* **DIRECTIONS FOR THIS TASK**:
Verbatim copy without images: return all of the data as it stands.

Excerpts from a dataset
____________
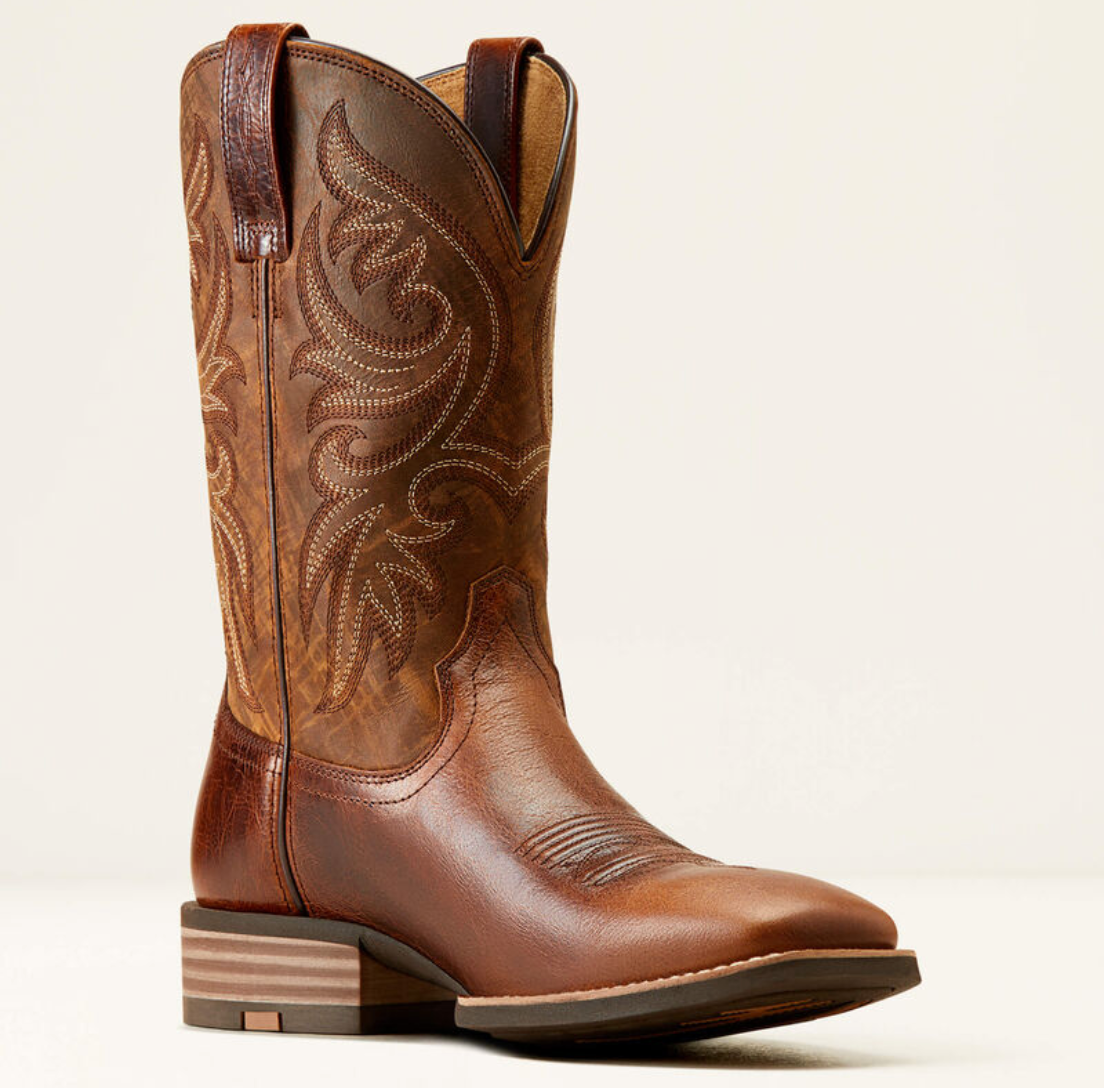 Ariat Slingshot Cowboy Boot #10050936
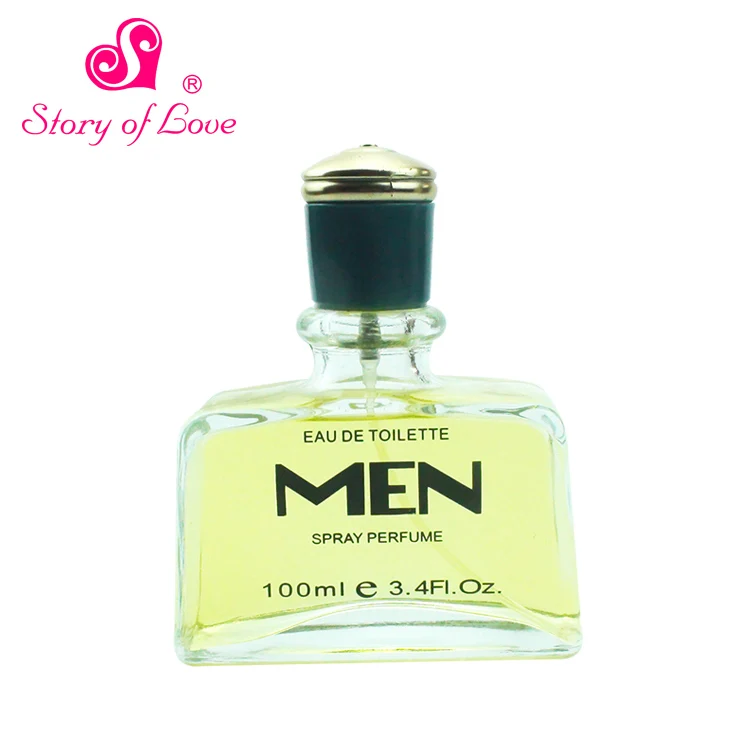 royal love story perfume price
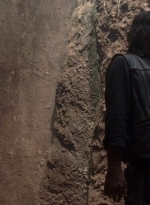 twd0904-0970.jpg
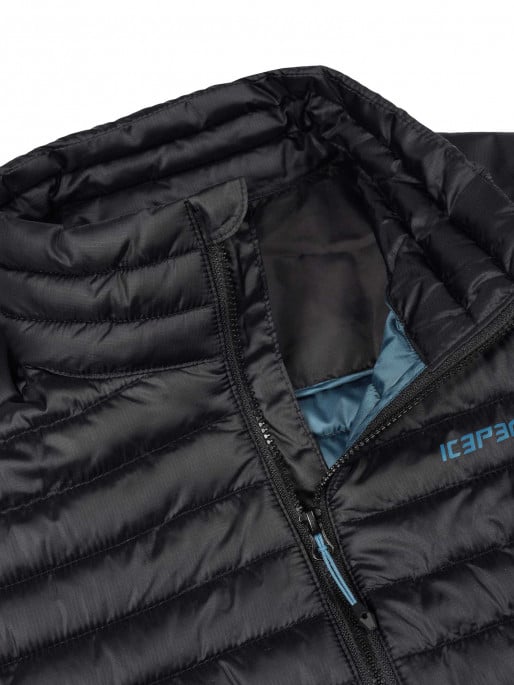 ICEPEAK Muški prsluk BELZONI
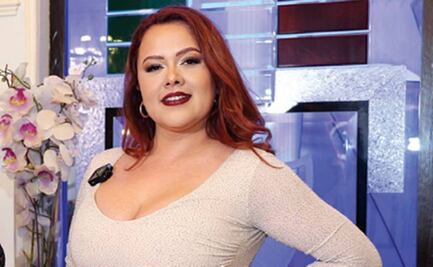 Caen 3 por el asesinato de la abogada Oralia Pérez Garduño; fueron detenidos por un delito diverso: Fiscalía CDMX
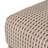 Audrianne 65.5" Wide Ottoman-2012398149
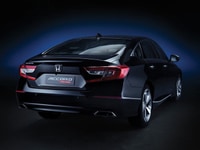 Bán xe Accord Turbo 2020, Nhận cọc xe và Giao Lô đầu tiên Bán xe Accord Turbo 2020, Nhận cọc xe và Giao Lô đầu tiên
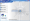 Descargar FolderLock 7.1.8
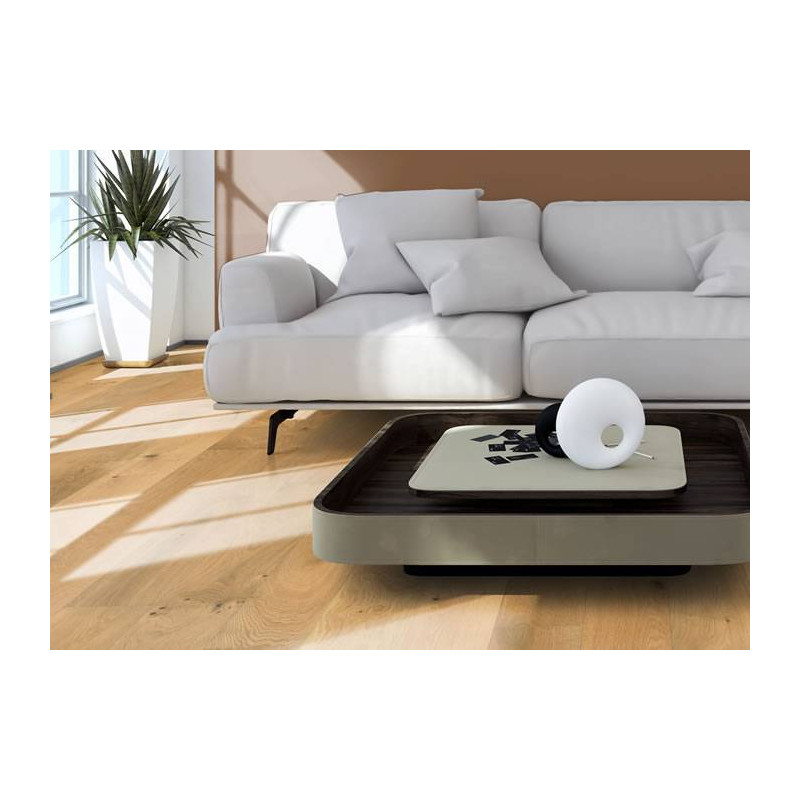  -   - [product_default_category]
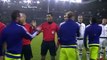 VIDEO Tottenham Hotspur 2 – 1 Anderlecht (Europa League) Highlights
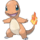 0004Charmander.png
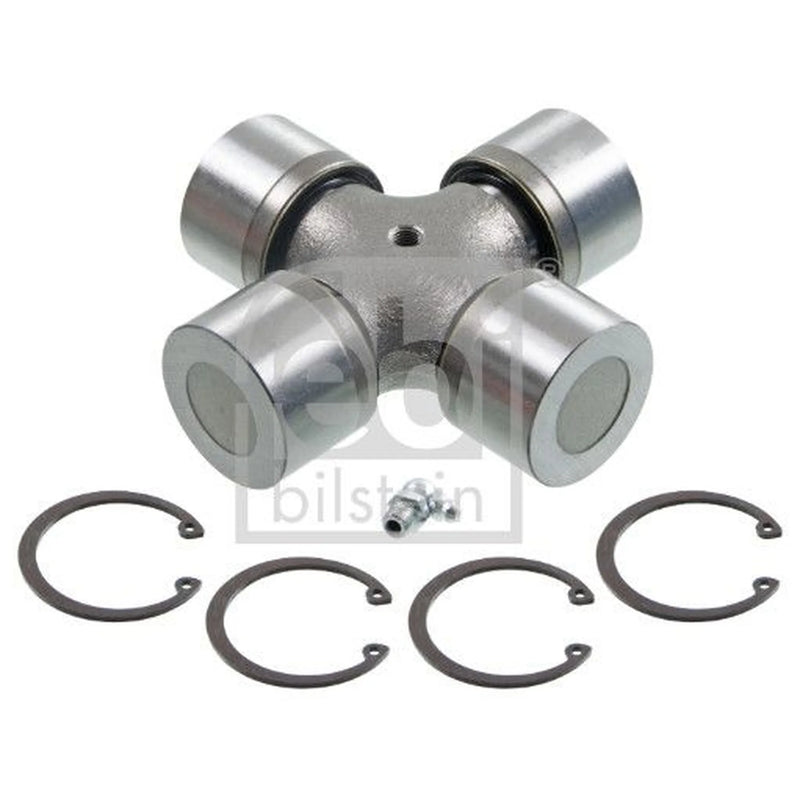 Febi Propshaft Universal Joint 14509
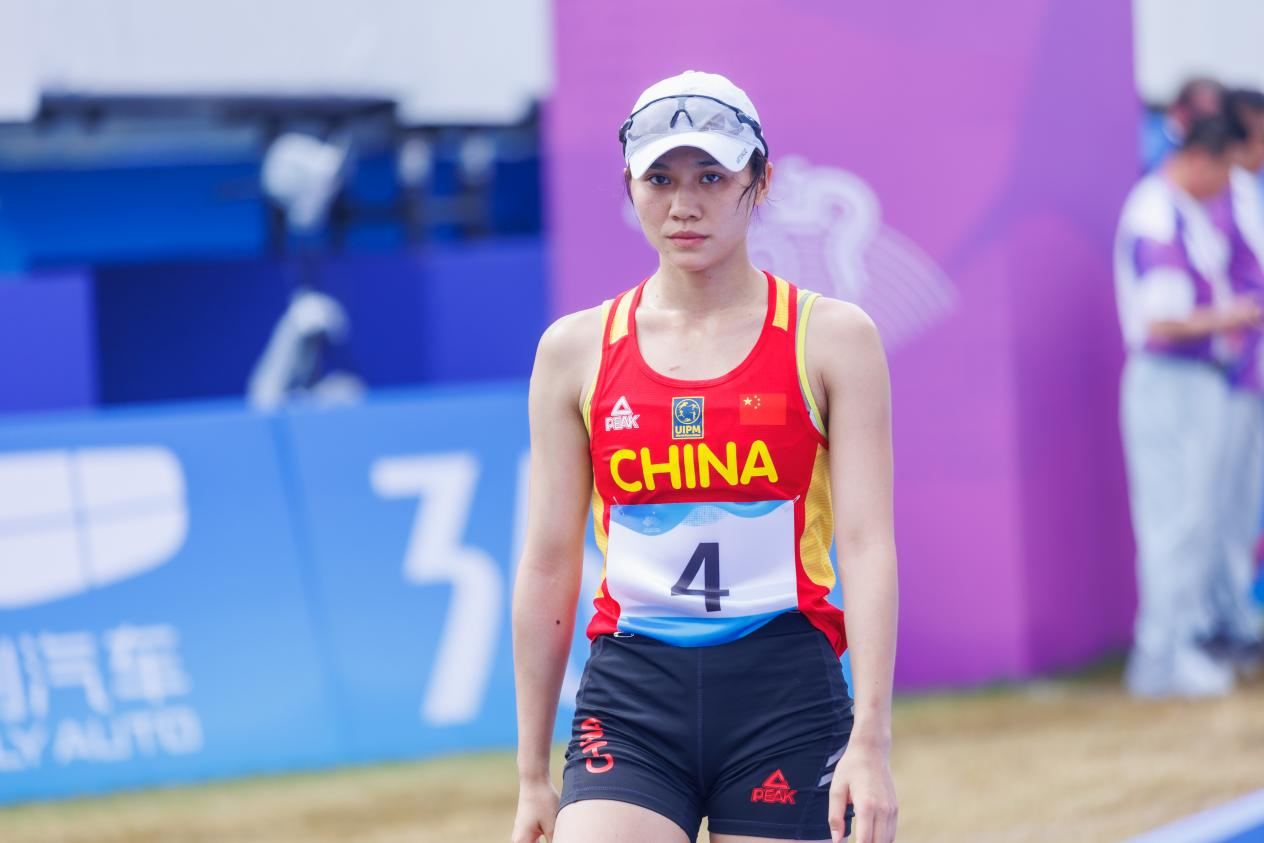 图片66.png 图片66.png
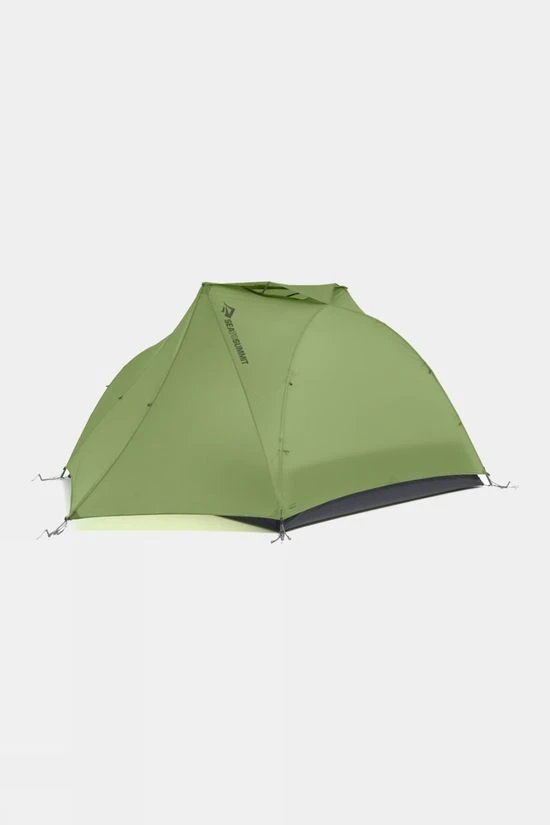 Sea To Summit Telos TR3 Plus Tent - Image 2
____________
* **RESPONSE BOX**:
 Ariat Slingshot Cowboy Boot #10050936
 royal love story perfume price
 twd0904-0970.jpg
 ICEPEAK Muški prsluk BELZONI
 Caen 3 por el asesinato de la abogada Oralia Pérez Garduño; fueron detenidos por un delito diverso: Fiscalía CDMX
 Audrianne 65.5" Wide Ottoman-2012398149
 Bán xe Accord Turbo 2020, Nhận cọc xe và Giao Lô đầu tiên Bán xe Accord Turbo 2020, Nhận cọc xe và Giao Lô đầu tiên
 Descargar FolderLock 7.1.8
  -   - [product_default_category]
 VIDEO Tottenham Hotspur 2 – 1 Anderlecht (Europa League) Highlights
 0004Charmander.png
 Febi Propshaft Universal Joint 14509
 图片66.png 图片66.png
 Sea To Summit Telos TR3 Plus Tent - Image 2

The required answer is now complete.